Observation of non-trivial superconductivity on surface of type II Weyl semimetal
Topological superconductors, with bulk superconducting gap and Majorana fermion states on the surface or edge, are one of the most sought after quantum materials. Topological superconductivity is of fundamental importance with potentially powerful applications in topological quantum computation. The discovery of Weyl semimetals—in which the conduction and valence bands contact only at Weyl points in the Brillouin zone protected against gap formation by crystalline symmetry or time reversal symmetry—has stimulated great enthusiasm for exploring topological superconductivity in these materials. Especially, the superconductivity from the topological non-trivial surface state of Weyl semimetals could be very attractive but has not been reported yet.
The noncentrosymmetric orthorhombic TaIrTe4, has been considered as a time-reversal invariant Weyl semimetal with the minimal 4 Weyl points. Recently, Prof. Jian Wang and Xiong-Jun Liu at Peking University in collaboration with Minghu Pan at Huazhong University of Science and Technology and others reported the experimental evidences for the unconventional superconductivity generated by the surface states in TaIrTe4 from both scanning tunneling microscopy/ spectroscopy (STM/STS) and electrical transport measurements. They demonstrated the superconductivity of TaIrTe4 by both the superconducting gap from STS and the consistent resistance drop from electrical transport. The thickness-independent of ultralow critical current and angular dependence of upper critical field (Bc2) indicate that the superconductivity occurs only in the surface states.
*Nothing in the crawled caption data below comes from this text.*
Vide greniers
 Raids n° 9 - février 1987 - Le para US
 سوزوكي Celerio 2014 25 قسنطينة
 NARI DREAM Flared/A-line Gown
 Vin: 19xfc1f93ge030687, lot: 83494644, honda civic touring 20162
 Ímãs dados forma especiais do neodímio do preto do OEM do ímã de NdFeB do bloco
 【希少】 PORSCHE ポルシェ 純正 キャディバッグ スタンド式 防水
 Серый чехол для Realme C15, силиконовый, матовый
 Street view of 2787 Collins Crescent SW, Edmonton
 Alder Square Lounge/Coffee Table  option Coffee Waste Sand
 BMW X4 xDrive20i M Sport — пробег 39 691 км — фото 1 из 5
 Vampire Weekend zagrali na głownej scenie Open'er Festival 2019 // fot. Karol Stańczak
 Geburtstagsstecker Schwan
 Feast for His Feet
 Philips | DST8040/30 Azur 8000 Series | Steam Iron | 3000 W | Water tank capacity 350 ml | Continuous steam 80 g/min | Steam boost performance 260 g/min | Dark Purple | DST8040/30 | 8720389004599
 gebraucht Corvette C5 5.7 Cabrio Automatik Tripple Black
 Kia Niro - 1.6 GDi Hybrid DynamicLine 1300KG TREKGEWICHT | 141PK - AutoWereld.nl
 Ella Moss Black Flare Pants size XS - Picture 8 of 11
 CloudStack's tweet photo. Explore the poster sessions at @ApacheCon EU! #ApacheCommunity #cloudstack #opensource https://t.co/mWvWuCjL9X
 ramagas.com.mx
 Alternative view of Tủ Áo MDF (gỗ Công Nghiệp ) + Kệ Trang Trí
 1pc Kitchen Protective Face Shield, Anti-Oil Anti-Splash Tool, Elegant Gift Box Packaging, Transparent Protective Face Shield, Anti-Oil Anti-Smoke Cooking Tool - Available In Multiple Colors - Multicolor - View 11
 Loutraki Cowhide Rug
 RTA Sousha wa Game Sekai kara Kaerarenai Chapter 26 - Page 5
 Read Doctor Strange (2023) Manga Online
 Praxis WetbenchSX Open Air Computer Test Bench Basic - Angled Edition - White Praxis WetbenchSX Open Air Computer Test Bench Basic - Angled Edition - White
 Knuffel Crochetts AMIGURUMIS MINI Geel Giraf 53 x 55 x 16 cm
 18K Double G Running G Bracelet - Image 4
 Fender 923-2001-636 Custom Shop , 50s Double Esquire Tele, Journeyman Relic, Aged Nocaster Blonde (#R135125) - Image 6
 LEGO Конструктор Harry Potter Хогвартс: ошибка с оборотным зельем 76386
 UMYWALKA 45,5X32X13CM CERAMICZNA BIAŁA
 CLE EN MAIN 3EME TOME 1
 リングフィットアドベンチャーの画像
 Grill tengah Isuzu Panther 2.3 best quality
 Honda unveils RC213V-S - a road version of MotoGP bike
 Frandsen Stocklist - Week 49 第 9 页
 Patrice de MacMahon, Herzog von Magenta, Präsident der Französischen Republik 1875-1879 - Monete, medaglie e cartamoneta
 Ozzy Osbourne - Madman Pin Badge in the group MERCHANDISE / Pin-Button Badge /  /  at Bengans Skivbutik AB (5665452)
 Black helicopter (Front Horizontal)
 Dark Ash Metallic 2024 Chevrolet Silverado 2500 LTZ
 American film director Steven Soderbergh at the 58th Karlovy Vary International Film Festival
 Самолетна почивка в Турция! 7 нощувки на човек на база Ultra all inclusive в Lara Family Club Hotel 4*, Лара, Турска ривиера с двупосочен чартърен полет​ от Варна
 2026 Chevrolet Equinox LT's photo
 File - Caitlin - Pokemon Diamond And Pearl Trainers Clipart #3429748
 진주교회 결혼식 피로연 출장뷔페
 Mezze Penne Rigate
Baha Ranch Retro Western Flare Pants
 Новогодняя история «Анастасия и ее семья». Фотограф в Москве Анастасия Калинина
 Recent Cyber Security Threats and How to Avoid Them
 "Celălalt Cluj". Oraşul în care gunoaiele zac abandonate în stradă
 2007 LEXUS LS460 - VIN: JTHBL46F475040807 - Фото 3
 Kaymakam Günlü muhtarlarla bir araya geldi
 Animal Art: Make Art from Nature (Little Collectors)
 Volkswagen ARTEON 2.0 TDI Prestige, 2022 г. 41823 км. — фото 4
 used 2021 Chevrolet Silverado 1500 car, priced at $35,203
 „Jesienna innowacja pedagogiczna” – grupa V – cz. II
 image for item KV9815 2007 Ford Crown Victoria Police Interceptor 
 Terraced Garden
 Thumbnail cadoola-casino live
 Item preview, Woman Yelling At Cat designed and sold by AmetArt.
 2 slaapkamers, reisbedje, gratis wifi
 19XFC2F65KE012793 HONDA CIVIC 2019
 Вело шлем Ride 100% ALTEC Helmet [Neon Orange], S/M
Furthermore, the temperature dependence of Bc2 behavior, the in-plane angle-dependent critical field and the stability of the superconductivity against the magnetization together support the p-wave-like topological nature of the quasi-1D superconductivity.
This discovery of quasi-1D surface superconductivity in Weyl semimetals offers a novel platform for exploring topological superconductors and may contribute to the rapidly developing field of topological quantum computation.